What Obamacare gives, it can take away – at least if you got a pay increase over the last year.

About half of subscribers who received federal subsidies to buy private insurance plans will owe an average of $794 in repayments, according to an analysis by the nonpartisan Kaiser Family Foundation released Tuesday. The repayments come if a subsidy recipient’s actual income was higher than their projected income.

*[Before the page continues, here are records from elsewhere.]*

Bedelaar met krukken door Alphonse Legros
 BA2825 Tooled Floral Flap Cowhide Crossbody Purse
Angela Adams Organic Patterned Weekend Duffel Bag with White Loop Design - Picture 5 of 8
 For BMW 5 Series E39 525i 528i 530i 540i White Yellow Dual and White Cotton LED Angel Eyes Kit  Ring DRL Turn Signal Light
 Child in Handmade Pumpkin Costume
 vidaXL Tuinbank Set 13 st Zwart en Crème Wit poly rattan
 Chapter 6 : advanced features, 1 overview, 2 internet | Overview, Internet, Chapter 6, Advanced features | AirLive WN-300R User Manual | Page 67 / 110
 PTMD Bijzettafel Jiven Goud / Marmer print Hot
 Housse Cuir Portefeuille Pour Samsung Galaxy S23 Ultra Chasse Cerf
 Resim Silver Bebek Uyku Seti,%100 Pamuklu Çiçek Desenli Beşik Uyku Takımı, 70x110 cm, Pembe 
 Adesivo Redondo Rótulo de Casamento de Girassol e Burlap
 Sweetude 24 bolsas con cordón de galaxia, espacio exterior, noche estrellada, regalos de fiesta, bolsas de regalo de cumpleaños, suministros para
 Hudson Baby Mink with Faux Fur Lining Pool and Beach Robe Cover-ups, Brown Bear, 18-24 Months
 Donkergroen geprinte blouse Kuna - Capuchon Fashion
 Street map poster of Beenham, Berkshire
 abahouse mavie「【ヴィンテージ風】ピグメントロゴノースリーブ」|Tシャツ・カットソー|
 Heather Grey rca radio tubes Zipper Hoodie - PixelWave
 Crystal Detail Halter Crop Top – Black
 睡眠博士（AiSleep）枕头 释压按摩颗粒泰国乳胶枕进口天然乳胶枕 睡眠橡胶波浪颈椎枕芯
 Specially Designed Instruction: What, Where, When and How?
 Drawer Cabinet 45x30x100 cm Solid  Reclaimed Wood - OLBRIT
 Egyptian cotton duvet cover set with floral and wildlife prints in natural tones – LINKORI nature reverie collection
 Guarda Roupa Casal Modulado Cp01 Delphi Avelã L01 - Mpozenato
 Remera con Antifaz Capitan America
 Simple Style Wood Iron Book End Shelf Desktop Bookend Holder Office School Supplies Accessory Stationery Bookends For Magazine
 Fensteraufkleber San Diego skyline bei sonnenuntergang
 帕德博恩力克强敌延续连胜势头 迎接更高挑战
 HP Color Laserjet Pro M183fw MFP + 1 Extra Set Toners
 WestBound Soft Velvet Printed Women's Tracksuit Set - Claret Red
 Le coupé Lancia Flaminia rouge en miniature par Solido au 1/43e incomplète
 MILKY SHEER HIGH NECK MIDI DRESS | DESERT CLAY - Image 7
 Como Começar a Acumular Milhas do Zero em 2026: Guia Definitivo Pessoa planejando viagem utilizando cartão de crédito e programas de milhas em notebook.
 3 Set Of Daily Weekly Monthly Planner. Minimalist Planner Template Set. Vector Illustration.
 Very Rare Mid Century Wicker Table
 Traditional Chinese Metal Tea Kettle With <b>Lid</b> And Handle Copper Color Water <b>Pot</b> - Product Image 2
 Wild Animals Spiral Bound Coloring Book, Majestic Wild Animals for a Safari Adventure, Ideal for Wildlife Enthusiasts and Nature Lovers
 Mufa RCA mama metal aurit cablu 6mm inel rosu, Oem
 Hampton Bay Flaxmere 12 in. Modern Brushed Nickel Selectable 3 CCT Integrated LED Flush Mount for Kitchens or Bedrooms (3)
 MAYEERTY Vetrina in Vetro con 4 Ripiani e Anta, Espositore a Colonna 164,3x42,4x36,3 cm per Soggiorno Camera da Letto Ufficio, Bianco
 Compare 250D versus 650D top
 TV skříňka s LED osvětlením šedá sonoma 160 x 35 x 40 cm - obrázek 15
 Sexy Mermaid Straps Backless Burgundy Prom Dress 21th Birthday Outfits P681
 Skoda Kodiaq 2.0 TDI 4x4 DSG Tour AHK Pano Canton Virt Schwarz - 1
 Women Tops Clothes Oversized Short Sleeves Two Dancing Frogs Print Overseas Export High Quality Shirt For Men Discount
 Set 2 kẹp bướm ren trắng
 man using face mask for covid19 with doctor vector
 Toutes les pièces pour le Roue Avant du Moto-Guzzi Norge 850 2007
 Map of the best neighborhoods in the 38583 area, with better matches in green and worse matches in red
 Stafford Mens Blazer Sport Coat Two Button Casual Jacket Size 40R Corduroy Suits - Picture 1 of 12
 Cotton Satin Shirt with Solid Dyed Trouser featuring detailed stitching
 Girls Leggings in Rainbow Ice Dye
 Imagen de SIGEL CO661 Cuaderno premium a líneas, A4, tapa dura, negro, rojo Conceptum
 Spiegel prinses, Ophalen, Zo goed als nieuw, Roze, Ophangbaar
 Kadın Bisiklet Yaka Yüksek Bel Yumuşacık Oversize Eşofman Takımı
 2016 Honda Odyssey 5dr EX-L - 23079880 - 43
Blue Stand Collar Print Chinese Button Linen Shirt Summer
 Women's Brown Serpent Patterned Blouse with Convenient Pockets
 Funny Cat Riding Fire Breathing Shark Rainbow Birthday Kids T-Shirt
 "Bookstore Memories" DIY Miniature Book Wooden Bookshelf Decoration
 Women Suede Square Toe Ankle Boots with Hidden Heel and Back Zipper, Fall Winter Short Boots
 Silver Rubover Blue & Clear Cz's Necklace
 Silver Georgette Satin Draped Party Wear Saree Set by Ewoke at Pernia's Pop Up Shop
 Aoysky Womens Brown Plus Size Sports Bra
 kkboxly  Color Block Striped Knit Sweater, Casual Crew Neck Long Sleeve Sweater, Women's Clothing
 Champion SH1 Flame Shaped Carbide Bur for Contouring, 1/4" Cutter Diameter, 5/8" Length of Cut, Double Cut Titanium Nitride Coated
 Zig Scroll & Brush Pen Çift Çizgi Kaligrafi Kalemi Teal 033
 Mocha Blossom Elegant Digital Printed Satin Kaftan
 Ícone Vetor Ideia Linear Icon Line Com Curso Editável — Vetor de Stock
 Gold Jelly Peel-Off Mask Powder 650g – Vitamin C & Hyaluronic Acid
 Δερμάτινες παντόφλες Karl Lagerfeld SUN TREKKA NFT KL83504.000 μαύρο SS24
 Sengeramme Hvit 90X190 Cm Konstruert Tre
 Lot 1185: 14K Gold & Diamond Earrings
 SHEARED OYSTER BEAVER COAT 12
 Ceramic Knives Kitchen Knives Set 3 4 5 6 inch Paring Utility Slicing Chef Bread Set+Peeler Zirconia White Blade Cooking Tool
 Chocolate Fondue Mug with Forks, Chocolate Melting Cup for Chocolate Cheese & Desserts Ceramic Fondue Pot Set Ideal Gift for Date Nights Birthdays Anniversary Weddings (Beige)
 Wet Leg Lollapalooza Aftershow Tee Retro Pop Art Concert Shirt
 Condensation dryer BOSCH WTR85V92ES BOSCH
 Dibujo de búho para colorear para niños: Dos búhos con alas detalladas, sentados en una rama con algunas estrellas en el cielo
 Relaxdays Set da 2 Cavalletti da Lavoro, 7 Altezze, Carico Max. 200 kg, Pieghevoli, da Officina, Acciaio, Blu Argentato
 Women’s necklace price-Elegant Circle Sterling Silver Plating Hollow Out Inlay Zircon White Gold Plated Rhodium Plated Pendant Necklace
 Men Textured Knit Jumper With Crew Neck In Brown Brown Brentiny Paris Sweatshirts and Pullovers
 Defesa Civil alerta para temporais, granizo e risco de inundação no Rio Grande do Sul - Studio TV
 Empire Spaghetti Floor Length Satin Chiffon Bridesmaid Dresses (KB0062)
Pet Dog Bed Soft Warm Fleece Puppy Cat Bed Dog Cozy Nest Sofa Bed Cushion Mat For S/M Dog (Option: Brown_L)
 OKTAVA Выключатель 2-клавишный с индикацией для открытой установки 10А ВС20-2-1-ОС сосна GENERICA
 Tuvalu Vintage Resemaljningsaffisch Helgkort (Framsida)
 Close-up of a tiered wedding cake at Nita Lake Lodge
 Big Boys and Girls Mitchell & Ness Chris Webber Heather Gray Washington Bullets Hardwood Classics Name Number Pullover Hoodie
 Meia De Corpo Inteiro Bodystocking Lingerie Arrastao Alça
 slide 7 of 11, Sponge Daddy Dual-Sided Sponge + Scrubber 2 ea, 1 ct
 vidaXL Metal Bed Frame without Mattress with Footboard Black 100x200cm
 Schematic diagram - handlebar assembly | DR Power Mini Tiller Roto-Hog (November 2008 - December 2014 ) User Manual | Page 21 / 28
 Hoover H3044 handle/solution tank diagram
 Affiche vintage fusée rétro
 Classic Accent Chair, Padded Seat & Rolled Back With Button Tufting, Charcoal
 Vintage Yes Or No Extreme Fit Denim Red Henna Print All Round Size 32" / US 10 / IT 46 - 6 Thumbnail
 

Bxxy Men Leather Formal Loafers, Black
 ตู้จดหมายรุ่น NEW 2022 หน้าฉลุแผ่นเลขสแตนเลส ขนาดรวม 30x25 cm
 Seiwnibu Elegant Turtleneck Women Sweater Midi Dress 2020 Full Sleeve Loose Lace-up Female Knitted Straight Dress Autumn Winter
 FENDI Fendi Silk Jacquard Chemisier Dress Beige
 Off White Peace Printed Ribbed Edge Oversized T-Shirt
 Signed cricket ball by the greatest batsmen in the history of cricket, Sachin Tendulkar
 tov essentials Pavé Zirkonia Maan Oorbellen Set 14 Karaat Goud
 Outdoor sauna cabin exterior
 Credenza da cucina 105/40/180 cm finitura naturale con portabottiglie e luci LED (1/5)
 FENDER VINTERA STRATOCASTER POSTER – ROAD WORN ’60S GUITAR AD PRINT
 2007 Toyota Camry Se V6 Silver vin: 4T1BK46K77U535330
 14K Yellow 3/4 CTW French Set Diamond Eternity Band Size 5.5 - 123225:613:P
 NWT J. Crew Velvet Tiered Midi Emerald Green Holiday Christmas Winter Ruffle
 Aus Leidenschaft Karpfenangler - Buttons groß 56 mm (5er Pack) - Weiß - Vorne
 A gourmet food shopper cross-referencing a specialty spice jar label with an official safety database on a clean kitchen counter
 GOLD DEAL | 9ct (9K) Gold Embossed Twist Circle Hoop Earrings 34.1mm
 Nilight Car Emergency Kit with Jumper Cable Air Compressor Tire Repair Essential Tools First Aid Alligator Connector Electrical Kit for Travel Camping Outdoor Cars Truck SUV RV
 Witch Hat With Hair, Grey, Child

“If you are low-income, having to pay any increase on taxes is a hardship on people,” Cynthia Cox, Kaiser Family Foundation associate director and lead author of the study told TheBlaze. “Even if your income goes up over the year, some people don’t realize they are receiving subsidies and would be surprised they have to pay back so much.”


The study found that some taxpayers would have to pay back nearly $4,000 if their income rose out of the poverty level entirely, using projections for the first tax filing year after Obamacare subsidies were available. Nearly half, or 46 percent, of those making repayments would owe between $200 and $1,000 to the government.

“This is a consequence of Obamacare using the tax system to help low-income families buy insurance,” Cox said.

The Kaiser study, titled “Repayments and Refunds: Estimating the Effects of 2014 Premium Tax Credit Reconciliation,” comes the same week the Obama administration marked the fifth anniversary of the Patient Protection and Affordable Care Act.

Under the law, households with incomes of up to four time higher than the federal poverty level are eligible for subsidies. The federal poverty level for 2013 was $11,490. But someone making up to $45,960 could also get federal subsidies from the Department of Health and Human Services to assist in purchasing plans on the Obamacare exchange. If someone's incomes is higher than projected, or increases during the year, the household would have to repay at least some of the subsidy.

Though 50 percent of those getting subsidies would have to repay the government, another 45 percent of those getting subsidies are projected to get refunds, which will be on average $773. The bulk of refunds issued – 42 percent – would be between $200 and $1,000, according to Kaiser.

The number receiving subsidies has not been determined, but is estimated between 4.5 million and 7.5 million, Cox said.

An HHS spokesperson did not respond immediately to inquiries from TheBlaze about the findings. An Internal Revenue Service official told TheBlaze that because this is the first tax filing year for health care subsidies, there would be no way to confirm the Kaiser findings and said the agency did not want to speculate.

When people sign up to buy an Obacmacare plan on healthcare.gov or the state marketplace, they fill out what they anticipate their income being over the next year, which can sometimes be hard to predict, Cox said.

“For those owing a few thousand, they may have made enough in their increased income to be able to swing it, but it might still comes as a surprise,” Cox said.

Someone signing up for Obamacare with an income earning up to twice the federal poverty level – $22,980 for an individual – would have the lowest repayment level with an average payment of about $667, but some could get an average refund of $412.

A household earning between $34,470 and $45,690 – or between three and four times higher than the poverty level – would face an average repayment of $1,380, or an average refund would pay $1,601.

For those who earn more than $45,690 by the end of the year, the repayment could be between $2,306 to $3837, depending on their projected income.